WHAT THE TASK ASKS: Repeat the records below exactly from the line containing "A NAME IGNORED" to the line containing "Entré/gang med praktisk", taking in both of those lines. Drop the pictures.

INPUT:
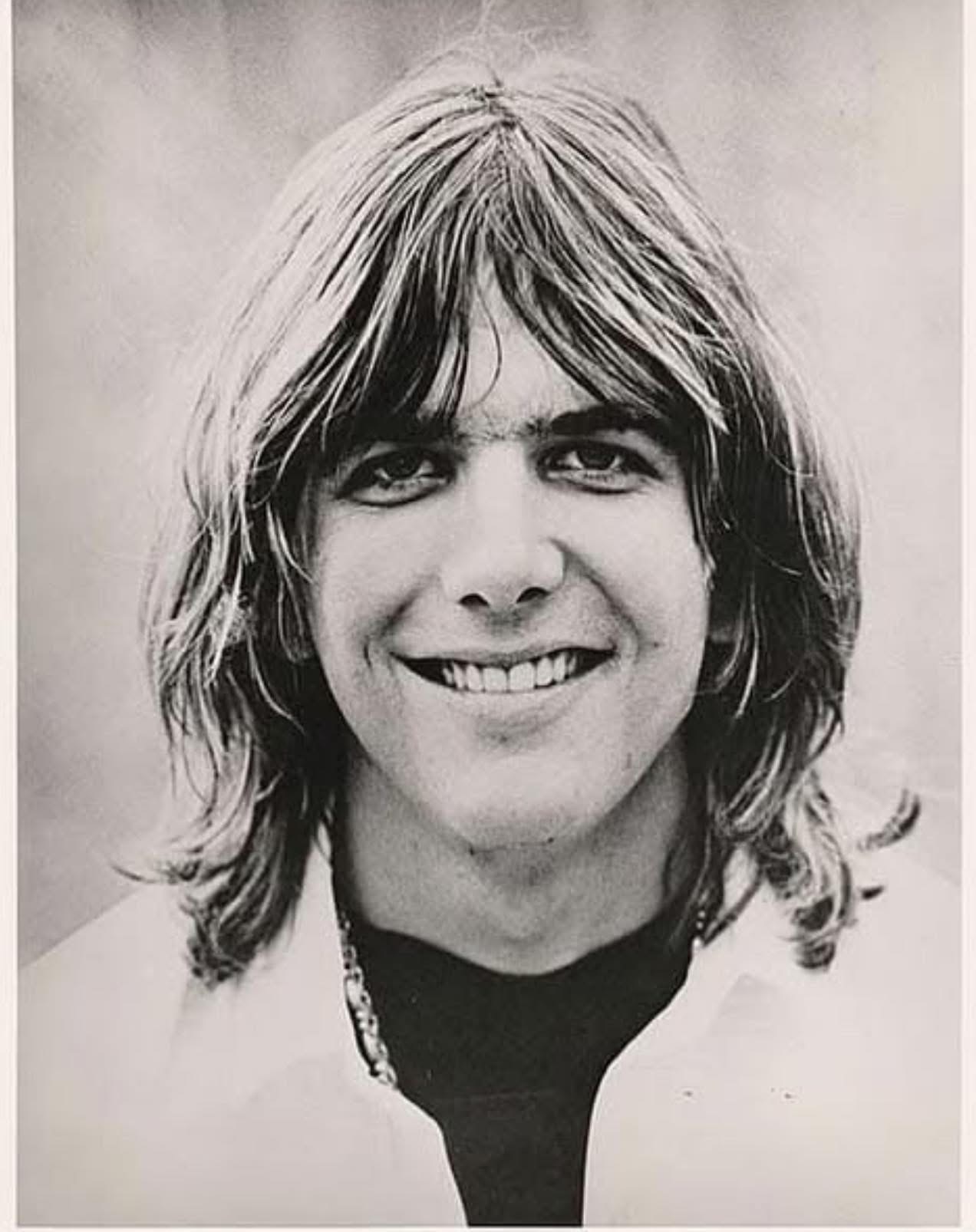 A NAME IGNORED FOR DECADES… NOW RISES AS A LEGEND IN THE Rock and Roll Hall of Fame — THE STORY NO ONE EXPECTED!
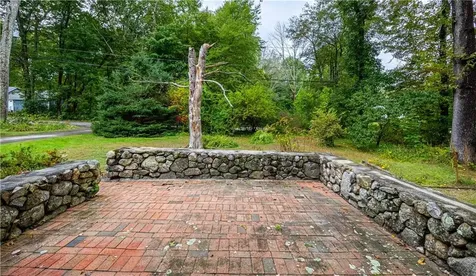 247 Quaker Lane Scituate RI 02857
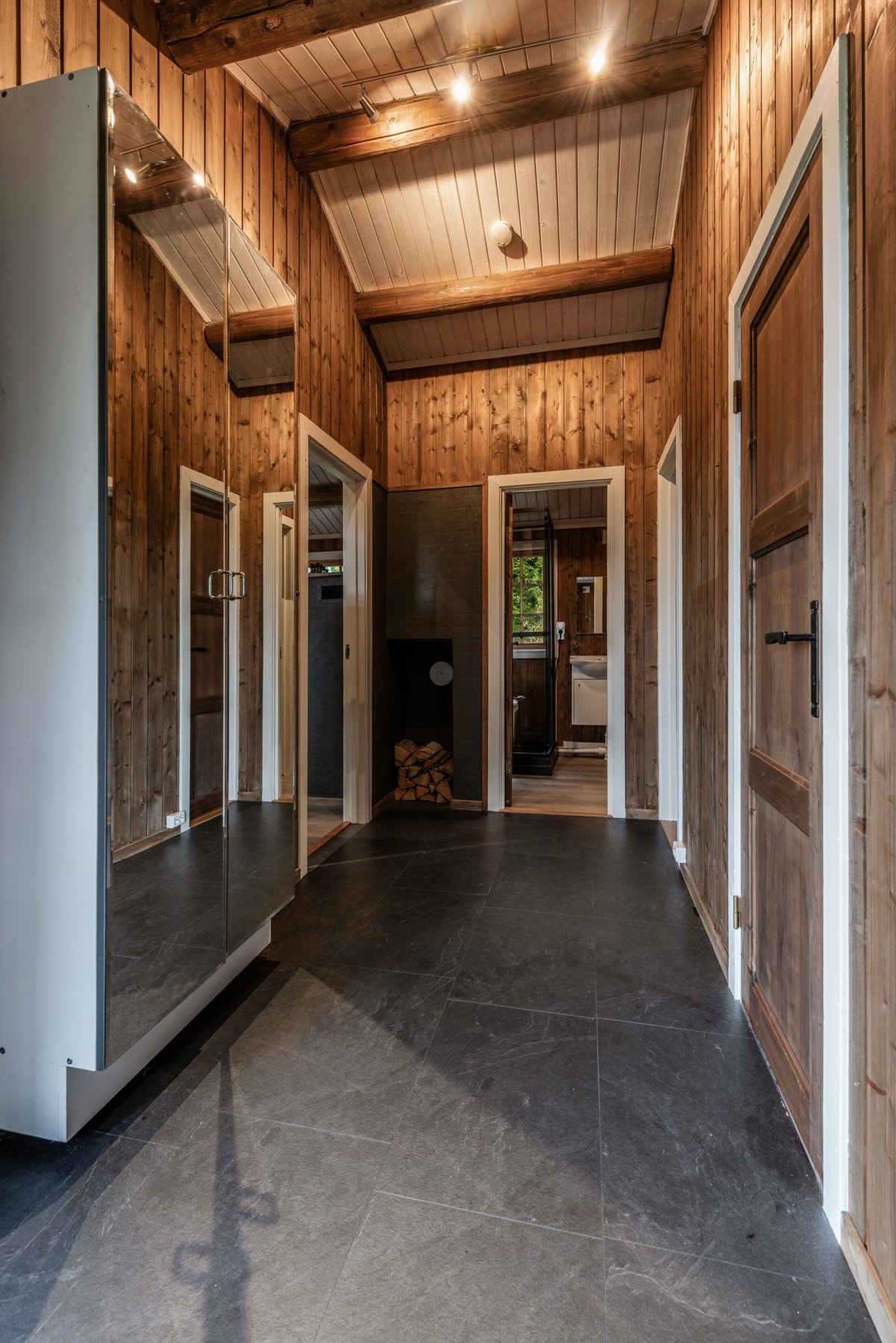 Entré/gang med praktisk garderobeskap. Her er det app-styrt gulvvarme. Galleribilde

---

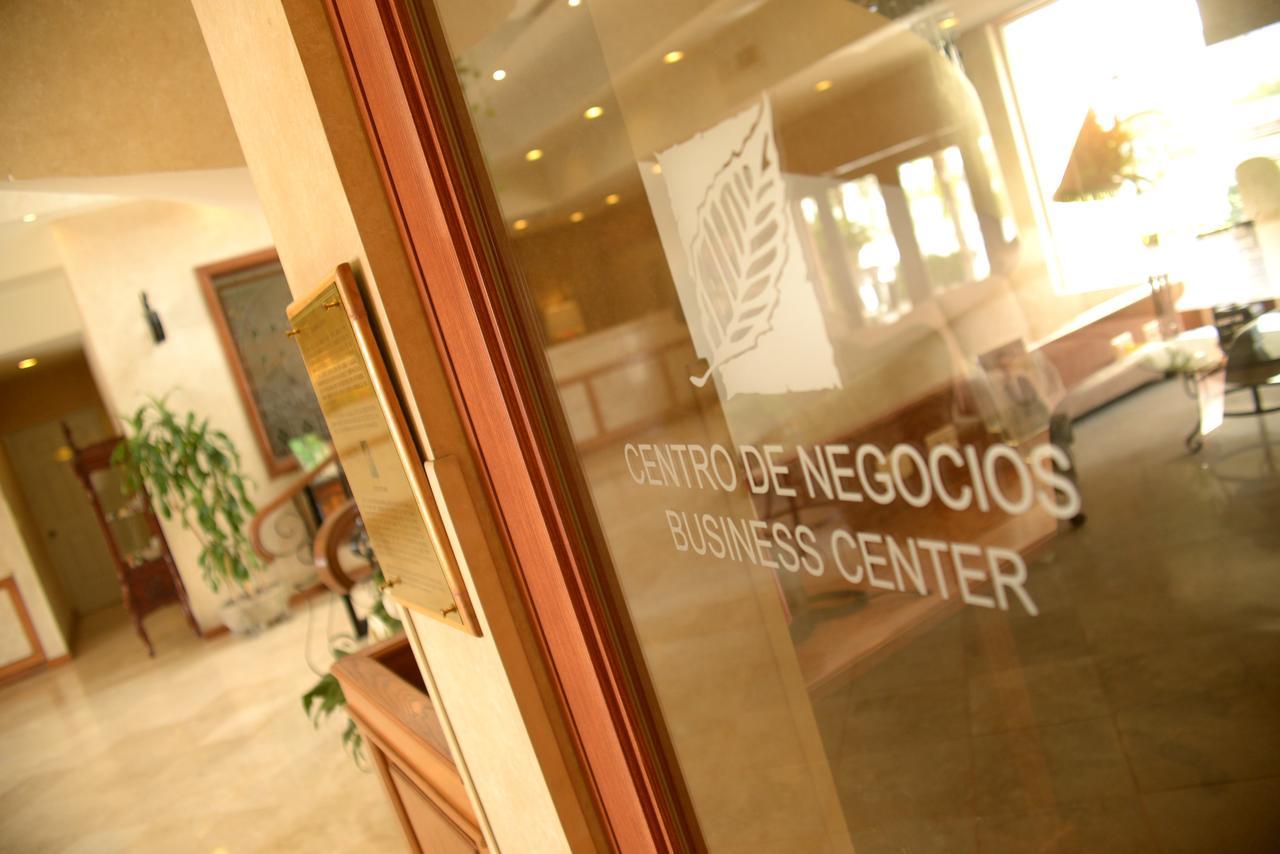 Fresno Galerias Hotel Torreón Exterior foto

---

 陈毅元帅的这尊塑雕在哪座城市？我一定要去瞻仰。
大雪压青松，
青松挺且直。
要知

TASK SOLUTION:
 A NAME IGNORED FOR DECADES… NOW RISES AS A LEGEND IN THE Rock and Roll Hall of Fame — THE STORY NO ONE EXPECTED!
 247 Quaker Lane Scituate RI 02857
 Entré/gang med praktisk garderobeskap. Her er det app-styrt gulvvarme. Galleribilde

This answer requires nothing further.